═══ Records for this exercise ═══

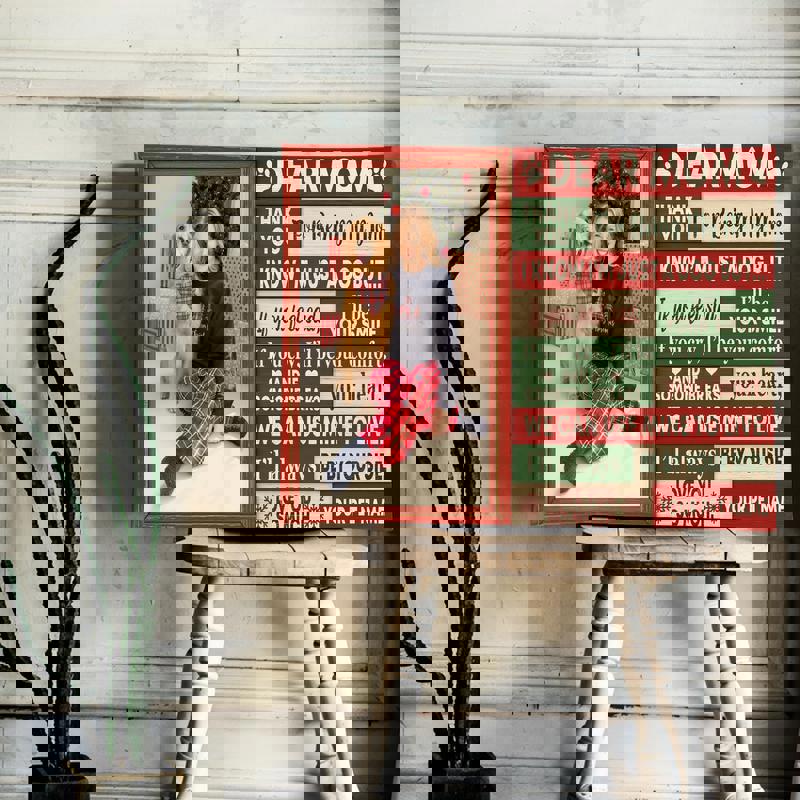 Christmas dog mom canvas with starry night sky and moon, elegant script, personalized dog names for seasonal home decor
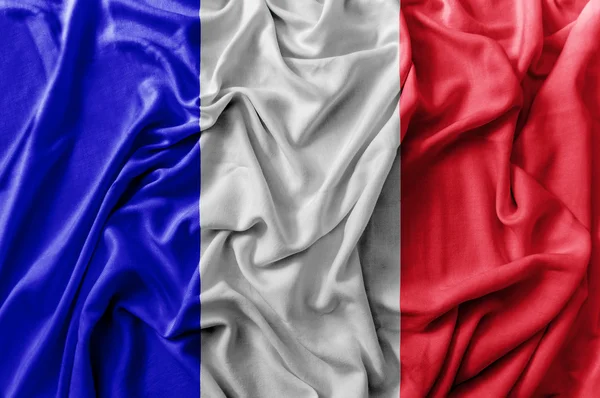 프랑스 국기를 흔들며 쓸 — 스톡 사진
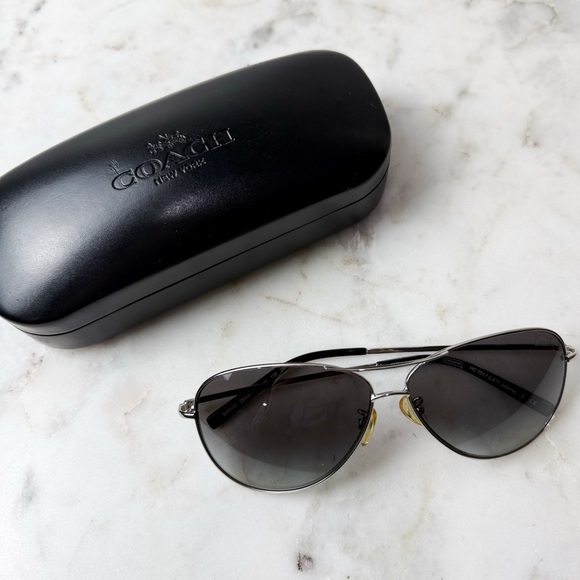 Coach Pilot Aviator Juliana Sunglasses Silver HC7017 L911 main image 6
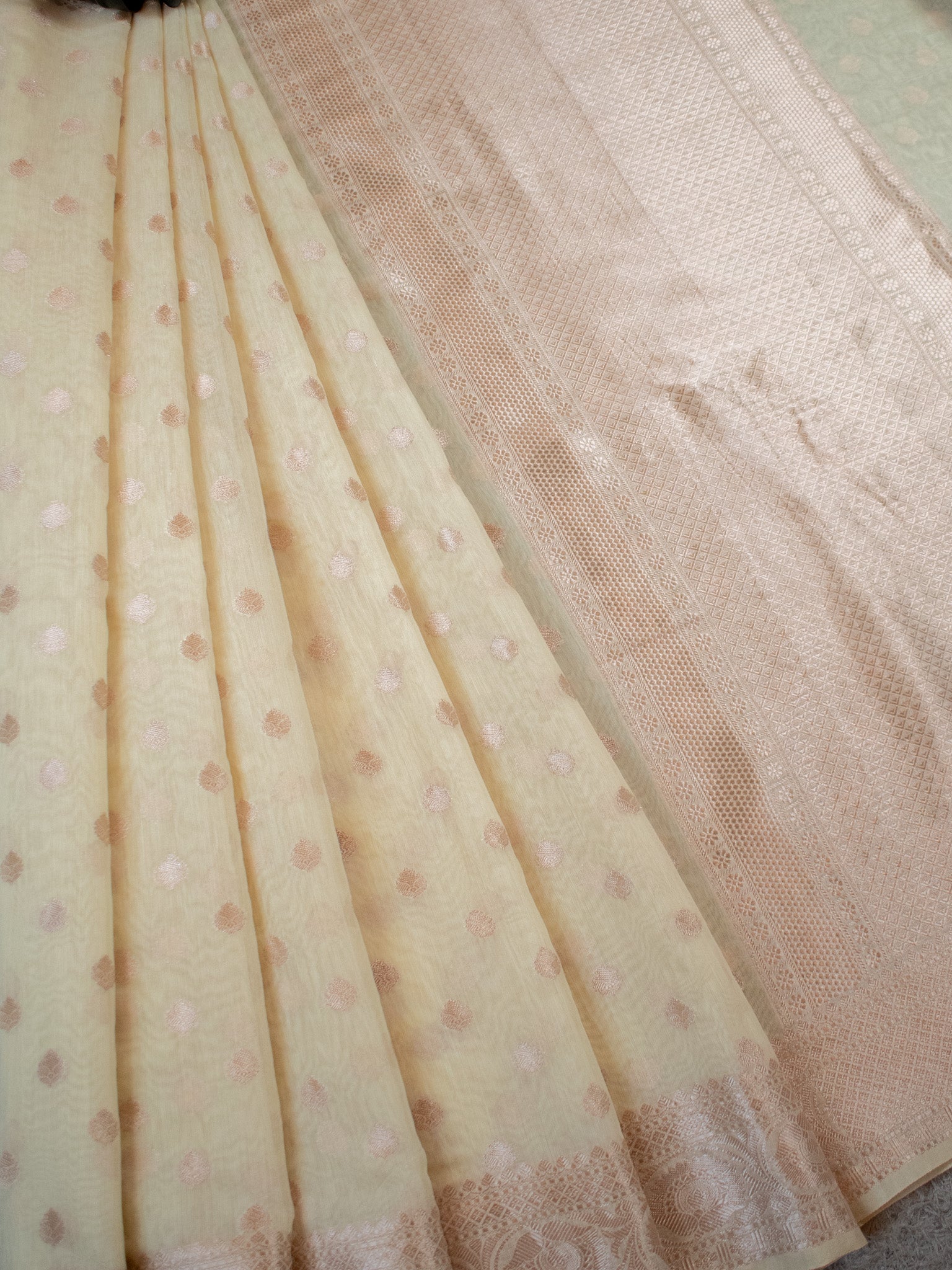 Banarasi Cotton Silk Saree With Zari Weaving & Border- Off White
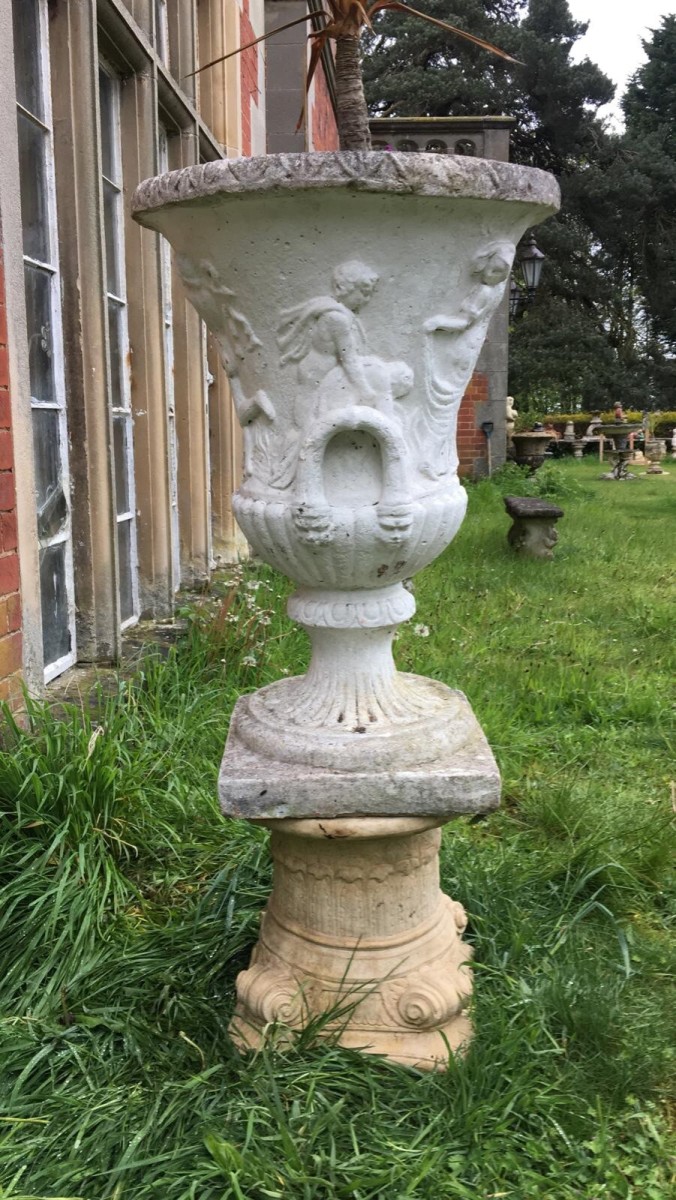 Classical Empire Style Roman Urn Adorned With Roman Mythological Figures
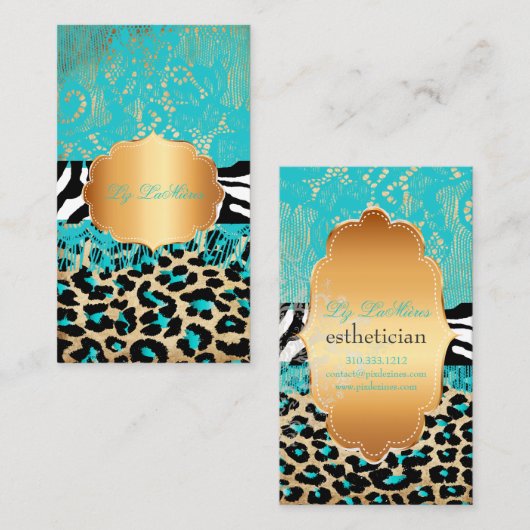 PixDezines blauw  kant+luipaard+zebra Visitekaartje (Voorkant / Achterkant)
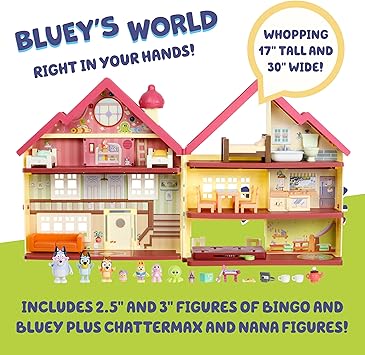 Bluey House Playset for Kids, XL Ultimate Interactive Lights and Sounds Playhouse Toys, Includes Dance Floor, Dollhouse, Toy Set Ages 3+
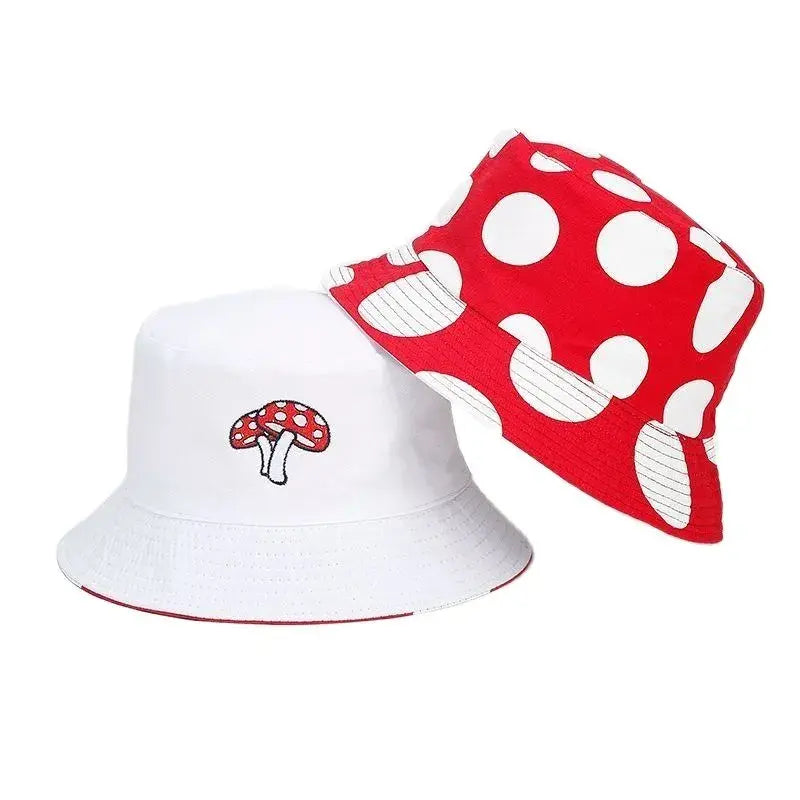 Wool Bucket Hat for Winter -Red & White Mushroom Reversible Bucket Hat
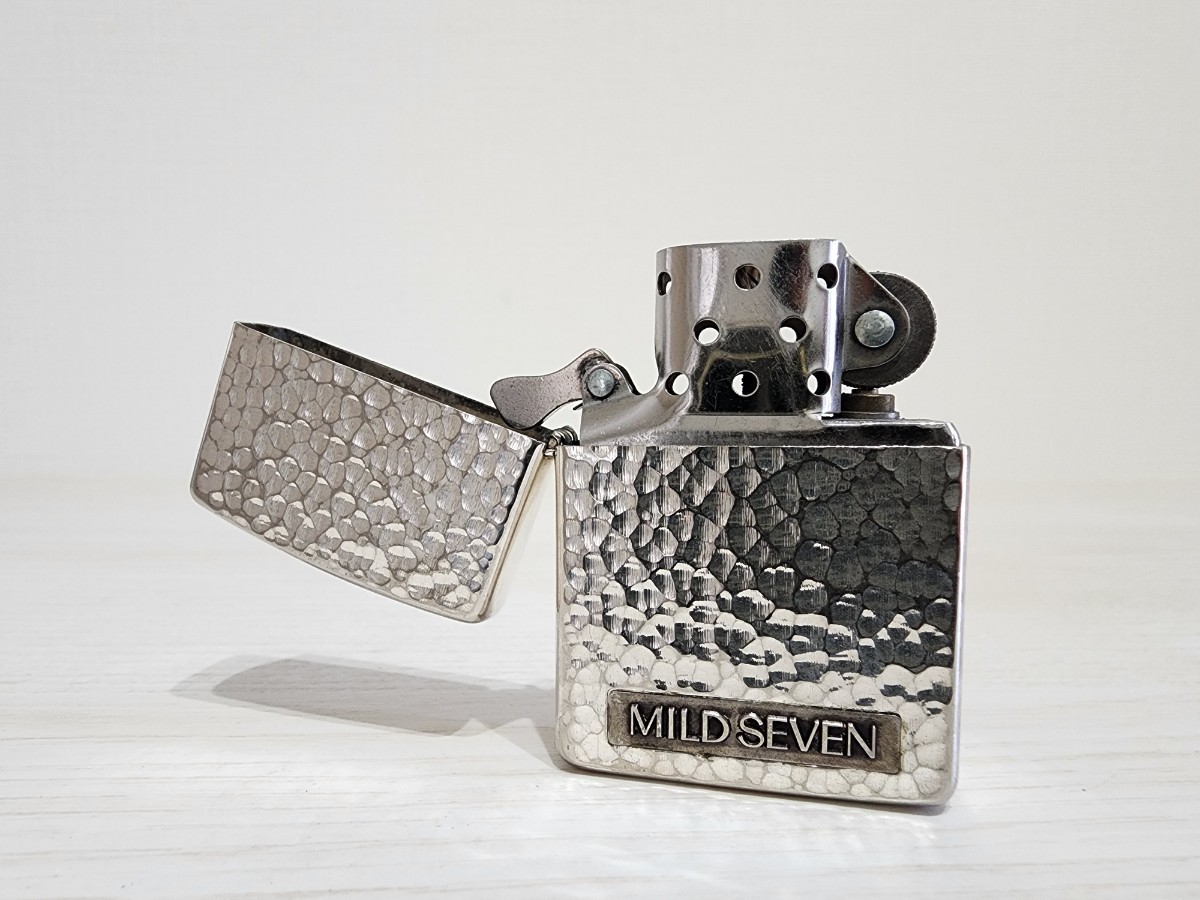 zippo マイルドセブン 両面ハンマートーン ブルー 未使用 最安値
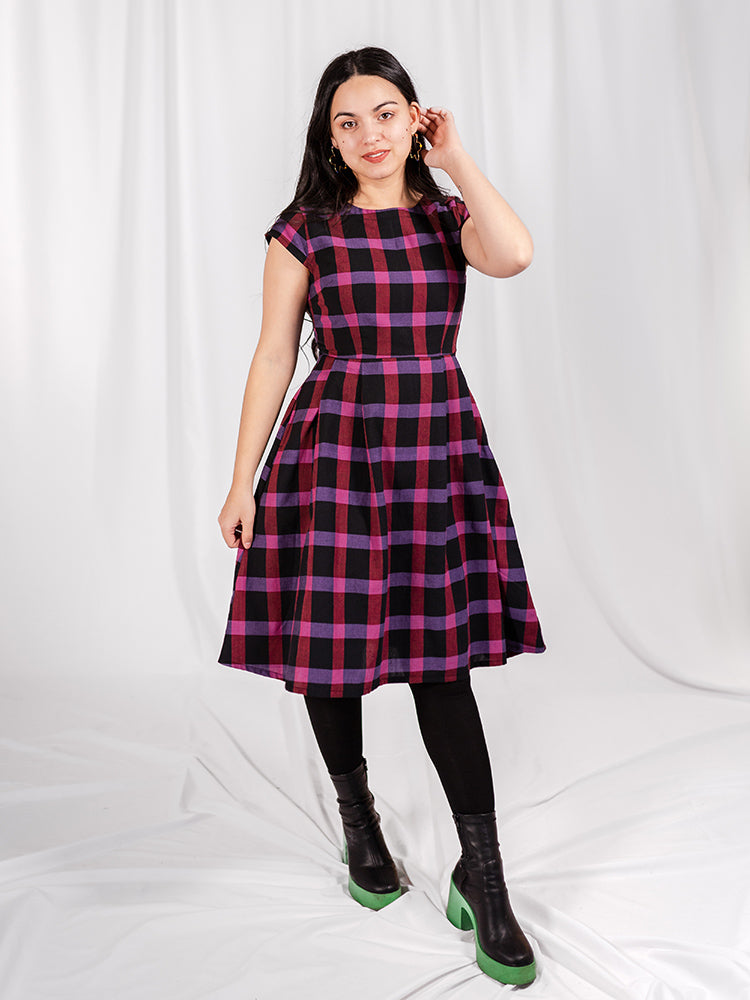 Devonshire Dress - Ultra Violet Plaid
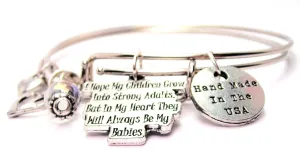 I Hope My Children Grow Into Strong Adults But In My Heart They Will Always Be My Babies Expandable Bangle Bracelet Set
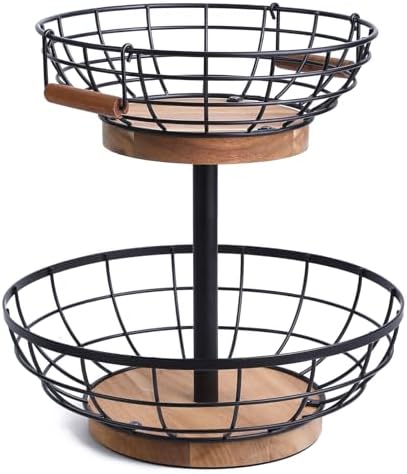 WILDMOS 2-tier Fruit Basket Bowl,Metal Basket with Wooden Base,Fruit and Vegetable Storage with Banana Hanger,Fruit Basket for Kitchen Counter Organizer. by WILDMOSENJOYYOURHOME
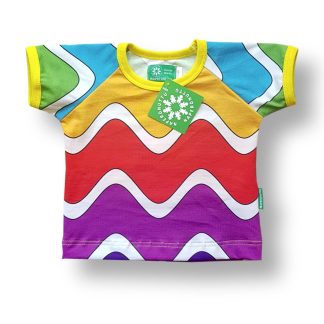 Naperonuttu Rainbow Waves Short Sleeve Top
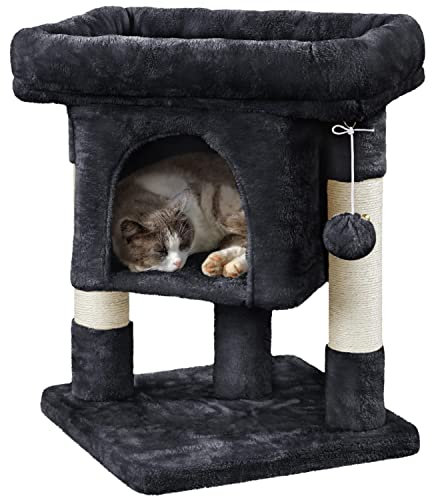 Yaheetech Arbre à Chat Design avec Niche et Plate-Forme Arbre-griffoir Tour pour Chat Hauteur 59cm Noir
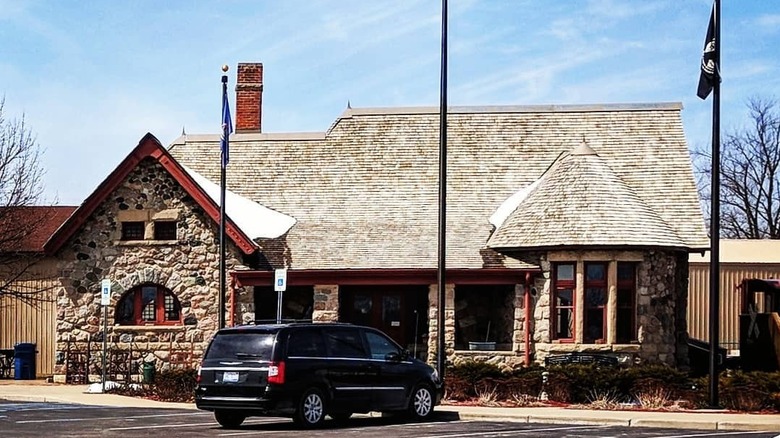 The outside of the Standish Historical Depot in Standish, Michigan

═══

→ **Assigned task**: When pictures appear in the records above, leave them out and reproduce exactly each line from the first through the line containing "Wool Bucket Hat", both included.

→ **Exercise output**:
 Christmas dog mom canvas with starry night sky and moon, elegant script, personalized dog names for seasonal home decor
 프랑스 국기를 흔들며 쓸 — 스톡 사진
 Coach Pilot Aviator Juliana Sunglasses Silver HC7017 L911 main image 6
 Banarasi Cotton Silk Saree With Zari Weaving & Border- Off White
 Classical Empire Style Roman Urn Adorned With Roman Mythological Figures
 PixDezines blauw  kant+luipaard+zebra Visitekaartje (Voorkant / Achterkant)
 Bluey House Playset for Kids, XL Ultimate Interactive Lights and Sounds Playhouse Toys, Includes Dance Floor, Dollhouse, Toy Set Ages 3+
 Wool Bucket Hat for Winter -Red & White Mushroom Reversible Bucket Hat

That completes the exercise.